[Saved entries]
════════════════

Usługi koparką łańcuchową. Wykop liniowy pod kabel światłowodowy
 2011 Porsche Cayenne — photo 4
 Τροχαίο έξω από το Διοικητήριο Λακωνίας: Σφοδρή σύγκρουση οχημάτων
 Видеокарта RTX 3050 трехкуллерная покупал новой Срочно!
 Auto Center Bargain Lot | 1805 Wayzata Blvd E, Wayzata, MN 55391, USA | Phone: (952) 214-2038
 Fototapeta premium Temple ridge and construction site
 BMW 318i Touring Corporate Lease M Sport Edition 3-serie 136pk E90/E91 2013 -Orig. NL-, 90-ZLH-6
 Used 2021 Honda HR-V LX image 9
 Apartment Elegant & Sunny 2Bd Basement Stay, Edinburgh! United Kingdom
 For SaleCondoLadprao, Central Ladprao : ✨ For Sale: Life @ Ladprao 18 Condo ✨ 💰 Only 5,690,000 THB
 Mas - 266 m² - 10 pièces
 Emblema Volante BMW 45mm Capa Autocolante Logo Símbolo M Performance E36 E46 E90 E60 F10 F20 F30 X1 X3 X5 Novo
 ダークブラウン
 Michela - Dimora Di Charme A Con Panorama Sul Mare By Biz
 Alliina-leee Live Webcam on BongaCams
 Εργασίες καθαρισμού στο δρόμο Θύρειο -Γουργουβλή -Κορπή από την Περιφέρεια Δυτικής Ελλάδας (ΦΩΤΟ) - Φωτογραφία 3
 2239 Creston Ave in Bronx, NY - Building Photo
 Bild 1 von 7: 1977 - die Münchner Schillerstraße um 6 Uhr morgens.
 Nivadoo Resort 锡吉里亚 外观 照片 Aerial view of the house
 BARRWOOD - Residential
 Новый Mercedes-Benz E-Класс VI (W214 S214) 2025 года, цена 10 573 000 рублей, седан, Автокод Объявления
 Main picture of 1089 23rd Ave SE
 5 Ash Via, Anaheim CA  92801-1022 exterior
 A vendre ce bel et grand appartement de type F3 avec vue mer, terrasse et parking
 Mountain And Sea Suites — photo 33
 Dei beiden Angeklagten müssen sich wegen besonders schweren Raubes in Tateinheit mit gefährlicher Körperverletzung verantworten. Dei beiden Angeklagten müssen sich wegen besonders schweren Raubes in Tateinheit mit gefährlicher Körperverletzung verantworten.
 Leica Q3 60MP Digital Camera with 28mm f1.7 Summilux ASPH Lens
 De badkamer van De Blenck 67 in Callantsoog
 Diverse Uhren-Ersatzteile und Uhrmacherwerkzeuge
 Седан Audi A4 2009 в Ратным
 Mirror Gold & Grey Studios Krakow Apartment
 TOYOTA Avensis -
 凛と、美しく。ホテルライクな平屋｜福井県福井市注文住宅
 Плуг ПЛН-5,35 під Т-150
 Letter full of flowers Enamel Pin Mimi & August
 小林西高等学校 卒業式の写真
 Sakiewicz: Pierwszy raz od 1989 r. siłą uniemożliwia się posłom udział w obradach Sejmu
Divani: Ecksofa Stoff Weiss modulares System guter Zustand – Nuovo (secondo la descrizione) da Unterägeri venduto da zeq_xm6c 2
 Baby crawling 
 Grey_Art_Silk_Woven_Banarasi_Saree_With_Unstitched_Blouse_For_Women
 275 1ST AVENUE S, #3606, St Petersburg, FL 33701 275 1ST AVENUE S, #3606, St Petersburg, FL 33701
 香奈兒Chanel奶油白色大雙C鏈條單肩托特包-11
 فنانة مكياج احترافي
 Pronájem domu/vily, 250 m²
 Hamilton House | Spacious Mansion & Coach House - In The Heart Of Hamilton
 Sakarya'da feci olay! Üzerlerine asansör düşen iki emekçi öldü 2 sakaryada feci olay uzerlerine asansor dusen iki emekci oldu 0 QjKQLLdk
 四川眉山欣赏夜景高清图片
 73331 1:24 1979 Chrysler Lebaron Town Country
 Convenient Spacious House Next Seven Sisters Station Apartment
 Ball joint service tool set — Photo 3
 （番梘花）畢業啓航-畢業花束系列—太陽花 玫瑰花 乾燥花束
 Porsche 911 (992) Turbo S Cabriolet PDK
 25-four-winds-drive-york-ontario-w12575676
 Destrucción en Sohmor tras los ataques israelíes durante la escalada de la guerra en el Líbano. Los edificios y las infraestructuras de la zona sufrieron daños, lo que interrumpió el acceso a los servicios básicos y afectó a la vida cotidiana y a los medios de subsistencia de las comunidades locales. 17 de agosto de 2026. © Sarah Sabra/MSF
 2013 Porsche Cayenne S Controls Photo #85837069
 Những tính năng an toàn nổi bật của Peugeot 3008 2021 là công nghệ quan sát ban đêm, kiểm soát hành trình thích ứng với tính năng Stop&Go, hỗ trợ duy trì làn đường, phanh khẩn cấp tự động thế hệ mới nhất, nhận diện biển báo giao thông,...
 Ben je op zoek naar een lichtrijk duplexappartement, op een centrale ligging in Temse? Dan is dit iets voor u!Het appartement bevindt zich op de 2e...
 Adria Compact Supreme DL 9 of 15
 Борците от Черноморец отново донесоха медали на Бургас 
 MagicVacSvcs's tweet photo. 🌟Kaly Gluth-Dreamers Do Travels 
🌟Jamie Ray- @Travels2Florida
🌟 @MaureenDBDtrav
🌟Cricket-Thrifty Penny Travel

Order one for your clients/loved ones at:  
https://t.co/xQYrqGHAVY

════════════════

— Task requirements —
Look at the records above. Copy every line where the string "Apartment" occurs.

— Your response —
 Apartment Elegant & Sunny 2Bd Basement Stay, Edinburgh! United Kingdom
 Mirror Gold & Grey Studios Krakow Apartment
 Convenient Spacious House Next Seven Sisters Station Apartment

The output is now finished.